Apollo 11 Landing’s 40th Anniversary Celebrated, New Footage Released

Forty years ago today, on July 21, 1969 humans reached the moon for the first time.  Astronaut Neil Armstrong from the cockpit of NASA’s Apollo 11 Lunar Lander leaped into history books with the famous words, “Houston, Tranquility Base here. The Eagle has landed.”

The mission was the third to the moon, but the first to land, a significant milestone (Apollo 8 and Apollo 10 had reached Moon orbit).  It would be succeeded by 5 more manned Apollo missions and then decades without manned spaceflight to the celestial body.  In honor of the anniversary, crewmembers aboard the Space Shuttle Endeavour, currently docked with International Space Station, will complete a 6.5 hour spacewalk.

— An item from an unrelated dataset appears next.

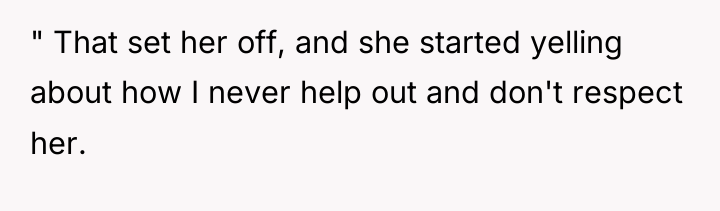 " That set her off, and she started yelling about...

Astronauts Dave Wolf and Tom Marshburn will complete the space walk.  Meanwhile ISS residents Gennady Padalka and Frank DeWinne will enjoy less ceremonious duties — repairing the Waste Hygiene Compartment toilet in the space station’s Destiny laboratory.  An important pump in the toilet failed Sunday.

The Endeavour’s launch was delayed several times due to weather.  At last in space, the Shuttle’s crew will work to complete construction of Japan’s Kibo space laboratory during the 17 day voyage.

In other Apollo 11 anniversary news, partially restored versions of the compressed signal sent to Mission Control in Houston from three ground receiving stations in California and Australia were released on Friday. 

The video was not the fabled “lost” moon tapes some had hoped for — those tapes of the high quality raw feeded were apparently taped over on accident.  In the 1970s and 1980s NASA had a shortage of tapes due to lack of budget and taped over approximately 200,000 of its tapes — the high-quality footage was apparently among those lost.  The newly released footage does add more details than the existing videos, such as Neil Armstrong’s face visor, too blurry to be seen in the original video.  A reflection can be seen in the visor.

The restoration is costing $230,000 and the released footage represents 40 percent of the final project.  Perhaps to silence would-be moon landing conspiracy theorists, NASA senior engineer Dick Nafzger, who’s in charge of the restoration project remarked, “There’s nothing being created; there’s nothing being manufactured.”